In 1953, Morse conducted a filibuster for 22 hours and 26 minutes protesting the Tidelands Oil legislation, which at the time was the longest one-person filibuster in U.S. Senate history (a record surpassed four years later by Strom Thurmond's 24-hour-18-minute filibuster in opposition of the Civil Rights Act of 1957). After a term as an independent, during which he campaigned heavily for Democratic U.S. Senate nominee Richard Neuberger in 1954, Morse switched to the Democratic Party in 1955. Despite these changes in party allegiance, for which he was branded a maverick, Morse won re-election to the United States Senate in 1956. He defeated U.S. Secretary of the Interior and former governor Douglas McKay in a hotly contested race; campaign expenditures totaled over $600,000 between the primary and general elections, a very high amount by then-contemporary standards. In 1957, Morse voted against the Civil Rights Act of 1957.
In 1959, Morse opposed Eisenhower's appointment of Clare Boothe Luce as ambassador to Brazil. Morse, who had known Luce for many years, chastised Luce for her criticism of Franklin D. Roosevelt. Although the Senate confirmed Luce's appointment in a 79–11 vote, Luce retaliated against him. In her acceptance speech to the Senate, Luce commented that her troubles with Senator Morse were attributable to the injuries he sustained from being kicked by a horse in 1951. She also remarked that riots in Bolivia might be dealt with by dividing the country up among its neighbors. An immediate backlash against these remarks from Morse and other senators, and Luce's refusal to retract the remark about the horse, led to her resignation just three days after her appointment.
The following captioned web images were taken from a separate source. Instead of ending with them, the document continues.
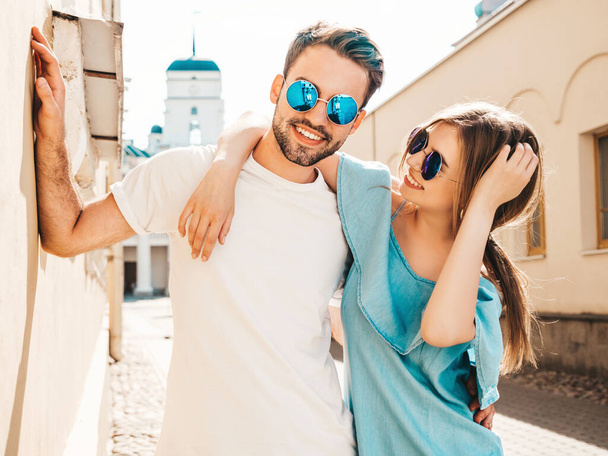 Portrait of smiling beautiful woman and her handsome boyfriend. Woman in casual summer jeans dress. Happy cheerful family. Female having fun. Couple posing on the street background in sunglasses - Photo, Image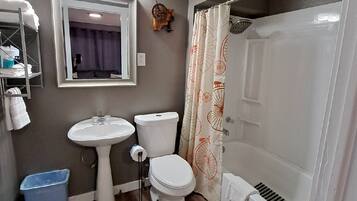 Un baño con lavamanos, inodoro y ducha.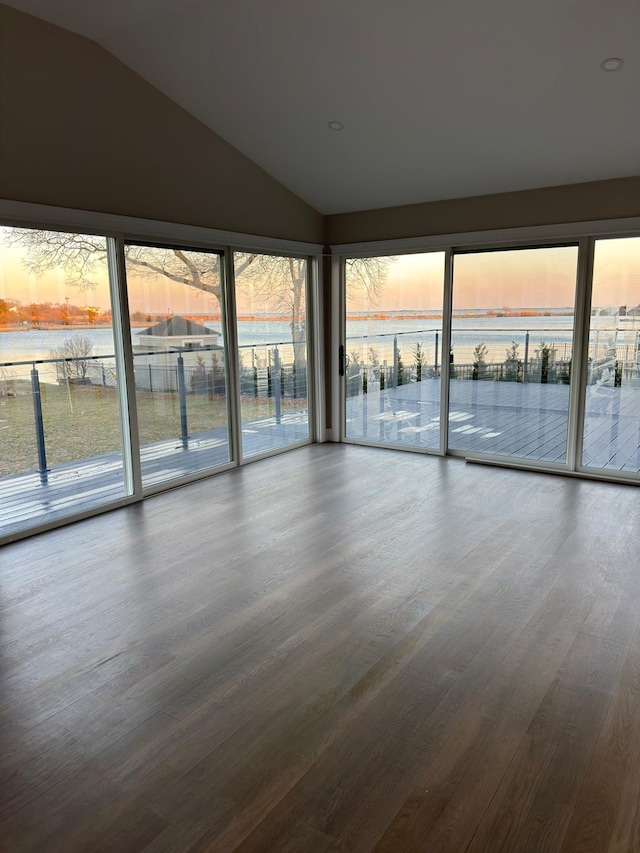 unfurnished room featuring a water view, lofted ceiling, and wood finished floors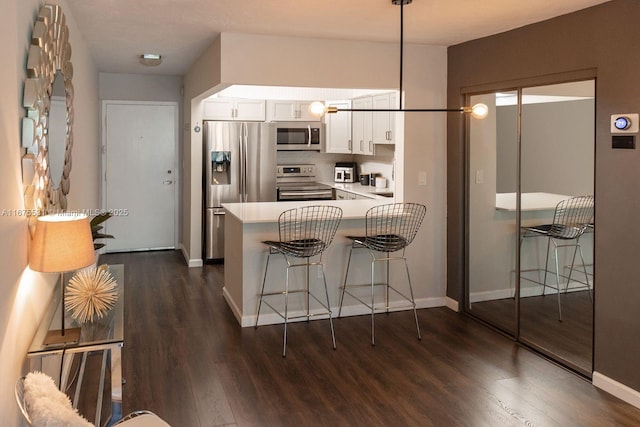 kitchen featuring a peninsula, hanging light fixtures, stainless steel appliances, light countertops, and white cabinetry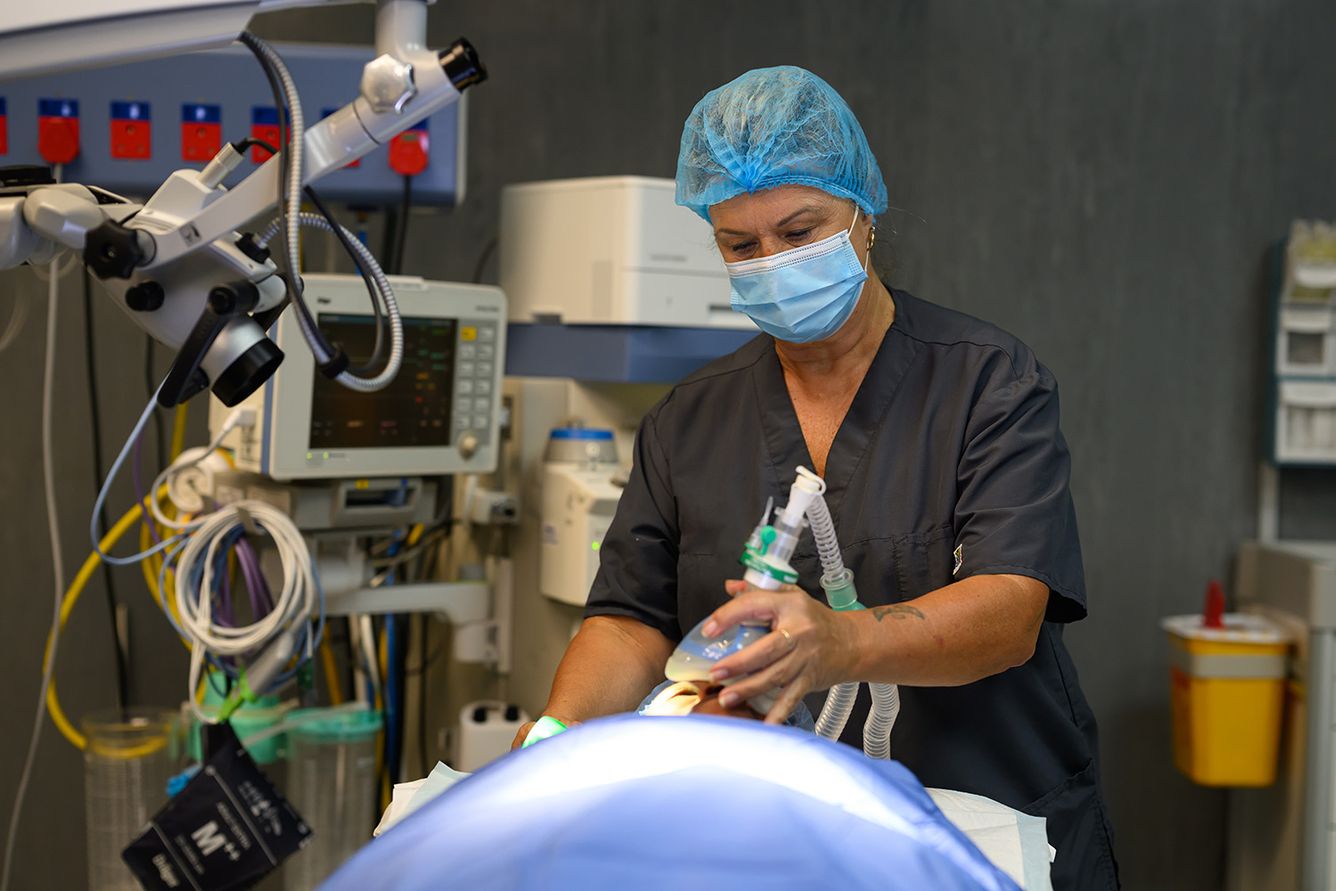 Anesthesiologist holds breathing device over patient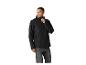 Mann in schwarzer Regenjacke und grauen Jeans, schaut zur Seite.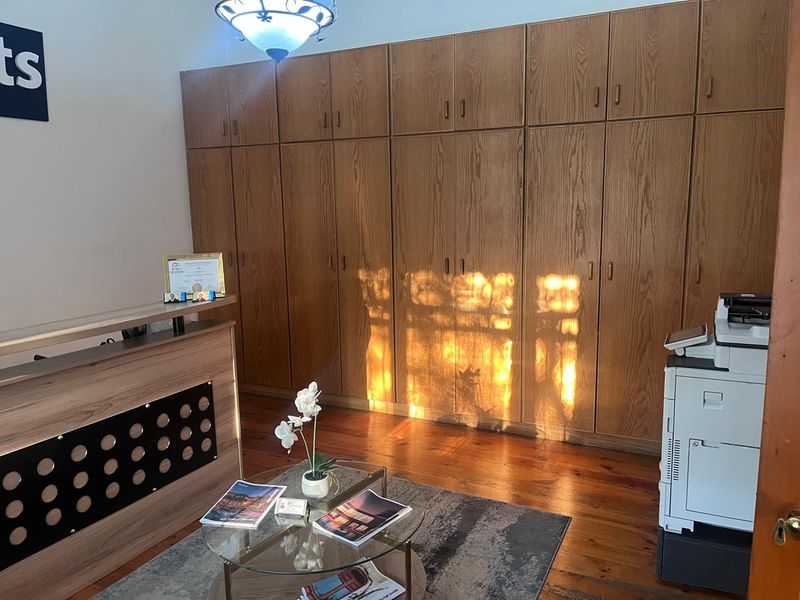 Professional office space featuring extensive built-in wooden cabinetry, polished hardwood flooring, and a dedicated reception area.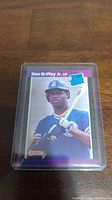 Front of 1989 Donruss Ken Griffey Jr rookie baseball card showing player in Mariners uniform holding bat.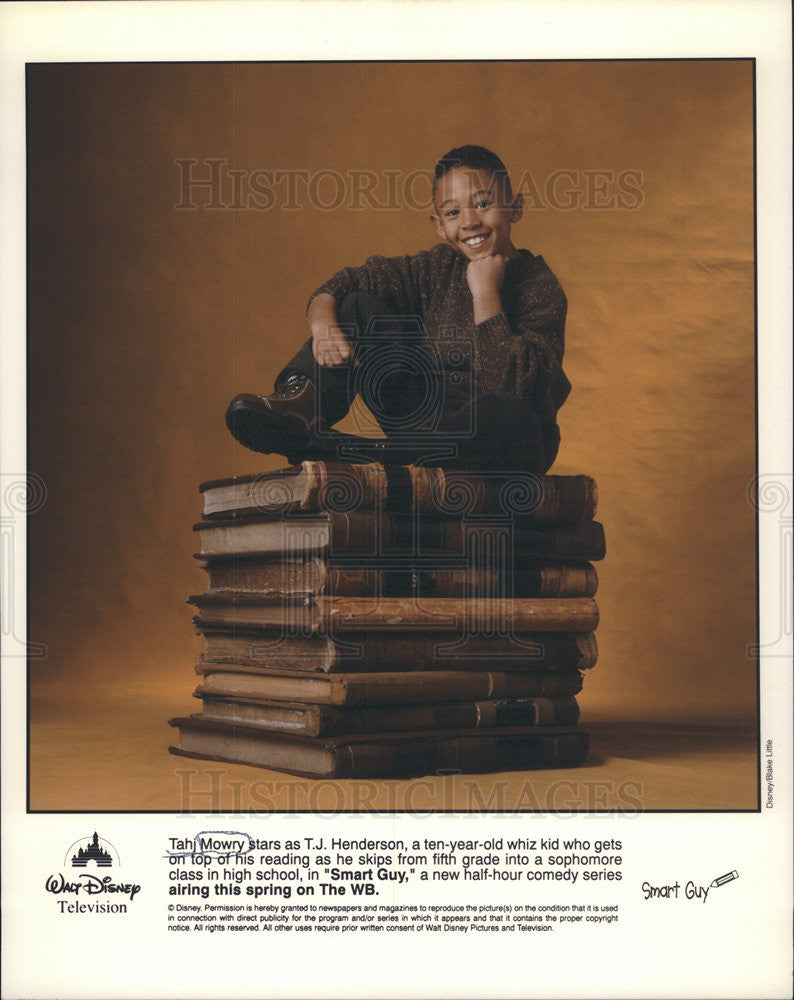 Press Photo Smart Guy Series Actor Mowry Sitting On Large Books Promotional - Historic Images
Toward the end of the 1950s, Morse's relationship with Richard Neuberger, the junior senator from Oregon, deteriorated and led to much public feuding. The two had known each other since 1931, when Morse was dean of the University of Oregon law school, and Neuberger was a 19-year-old freshman. Morse befriended Neuberger and often gave him advice, and he used his rhetorical skill to successfully defend Neuberger against charges of academic cheating. After the charges against him were dropped, Neuberger rejected Morse's advice to leave the university and start fresh elsewhere but instead enrolled in Morse's class in criminal law. Morse gave him a "D" in the course and, when Neuberger complained, changed the grade to an "F".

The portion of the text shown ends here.